The room was dark, and a hot smother of air came pouring out. The bed was made, and a thin webbing of dust crawled the walls like ivy. The curtains were drawn. I saw the closet was full of clothing, mostly my mother’s. There were also garbage bags on the floor, stuffed with what appeared to be her things. I bent down and found a yellow jacket. I put the jacket on a hanger, and hung it from the back of the door. I tried to imagine my mother, her arms filling the sleeves, her head. I took the jacket from the hanger, smelled it, and my stomach reeled. Stale and oppressive, it stank of age, of years and days and minutes of sloughing skin.
I flipped the light switch.
The quilted surface was scattered with short stacks of papers and more spiral notebooks. Barely noticeable at first, but they were in a sort of order, separate and organized. A pile of handwritten pages, scrawlings, and drawings. There were dated pages, like journal entries, and I recognized the uncanny logic and language of dreams. These were my father’s dreams. He was writing out his nightly visions. Flying, teeth falling out, being swept from a hilltop by God’s great palm, and taking heavenly tours. There were birth certificates and death certificates. Photo albums, and a pile of loose photos. I quickly flipped through the pictures. They were mostly old, ancient even, brown-and-whites, black-and-whites. There was the family photo album, but also albums I’d never seen before, pictures of people I didn’t recognize. I saw one of two men standing in front of a Spanish-style house, I figured southern California. They stood beside a long and beautiful car, like a Rolls-Royce, their feet on the running board. They hooked their thumbs back, making like two lucky hitchhikers. On the back was a handwritten note, “C. Russell and O. Laudermilk, Beth Sarim, San Diego, 1930.” The wooden cross in the kitchen. Beth Sarim. It seemed O. Laudermilk was the man at right in the photo, a youngish man about my age, his features partly blocked by the slanted brim of a dapper hat. Was this my grandfather? I’d never seen the photo before in my life.

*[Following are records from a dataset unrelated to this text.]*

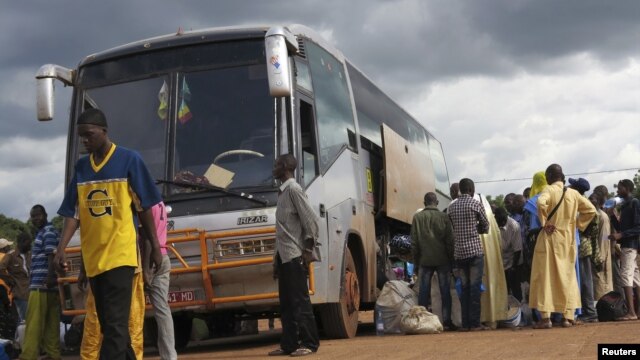Malians who fled unrest in the northeastern city of Gao wait at a bus station in Bamako to return home, Sept. 3, 2012.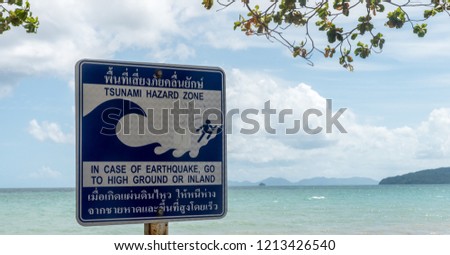 Tsunami Hazard zone sign with beach and islands in the background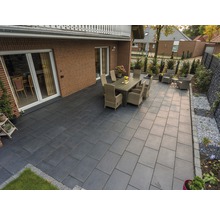 Terrasse mit Steinfliesen, Gartentisch und Stühlen vor einem Haus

I took the family album and the strange Laudermilk photo into the hall and set them on the floor by the bathroom door. I washed the wall and the tub. Stepping into the shower, I put my face in the cold rush of water. The spray and the water needling on my skin, I thought of rain, how different and dirty a falling rain on my body would feel. A barbed gray headache was starting.

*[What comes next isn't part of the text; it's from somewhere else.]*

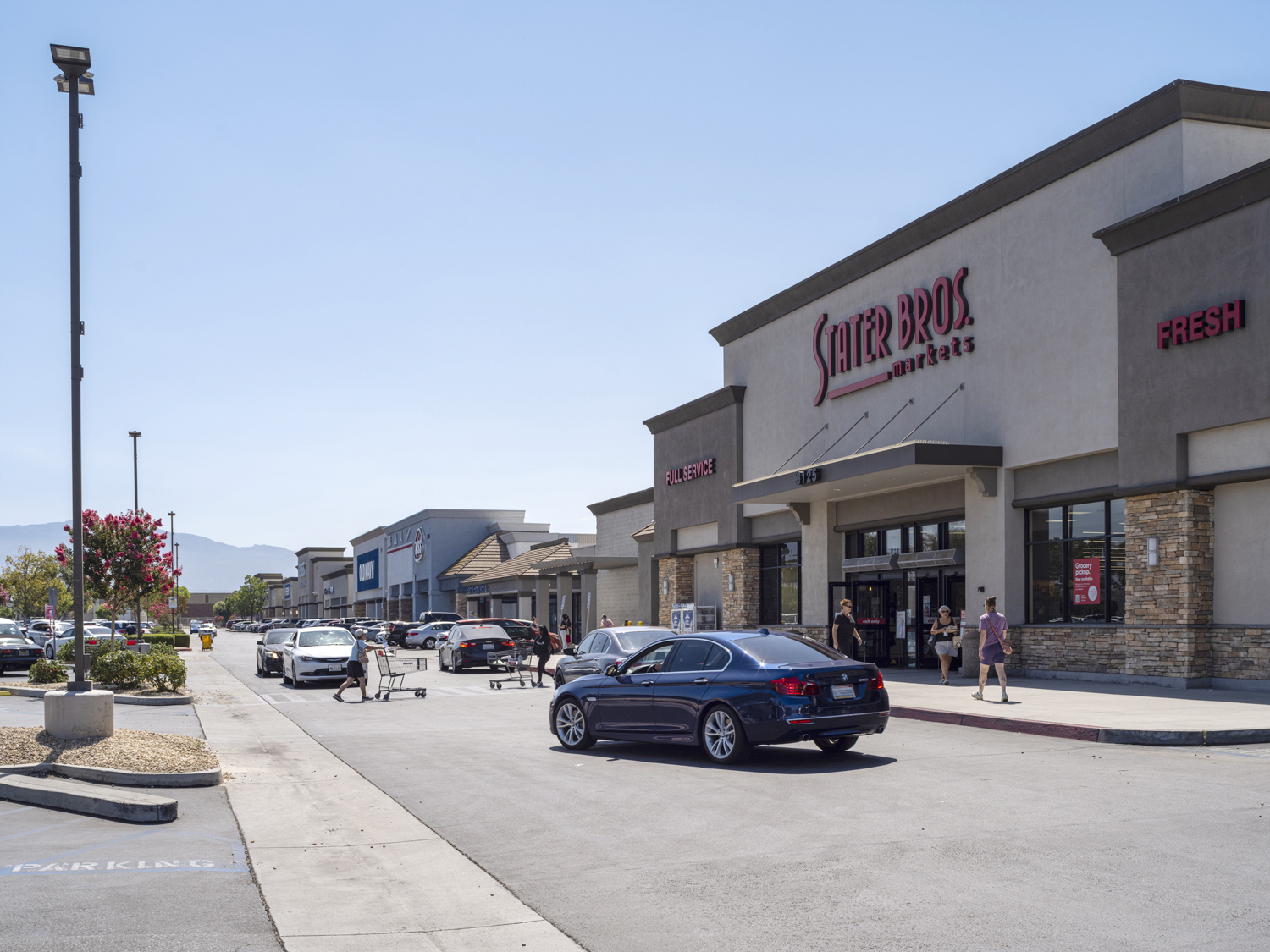 Shoppers and cars on busy road in front of Stater Bros. Market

Amad answered in just two rings.
“A big hello, my Josie! You did not call me yesterday. You forgot. What happened?”
“I miss you,” I said. “Believe it or not.”
“Where are you? You are in New York?”
“I’m standing here completely naked in my father’s bathroom, right out of the shower.”
Amad bit into what sounded like an apple. “The open-air lingam.”
“You’re eating an apple.”
“I am.”
“What’s an open-air what?”
“You right now are an open-air lingam.”
“My skinny business in the open air.”
“Exactly. Like a stalagmite.” Another bite. “Or stalactite, depending on your good mood, or bad mood. How long will you be staying?”
“Very nice,” I said.
“So short-tempered.”
“What’s the weather like out there?” I poked through the linen closet and picked a clean white towel.
“Perfect. Like every day in California. My least favorite thing about this place, no bad days.”
“How’s business?” I said.
“What business?”
“Very funny.”
“Very bad.”
“I’ll be back soon, and we’ll have that dinner. I promise.”
“My wife is not so impatient, but she wants to know what are we doing now. And I’m not sure what to tell her.”
“Tell her the storeroom is glorious.”
“How is your father?”
“I’m not sure.”
“What do you mean?”
“What do you mean what do I mean? He says he’s fine, and he’s clearly not. I’m not sure of my role here. The man looks like he’s been hiding away in the hills.”
“It can be very nice in the hills.”
“Not what I mean.” I wiped at the mirror, clearing away the steam. “He says he’s fine.”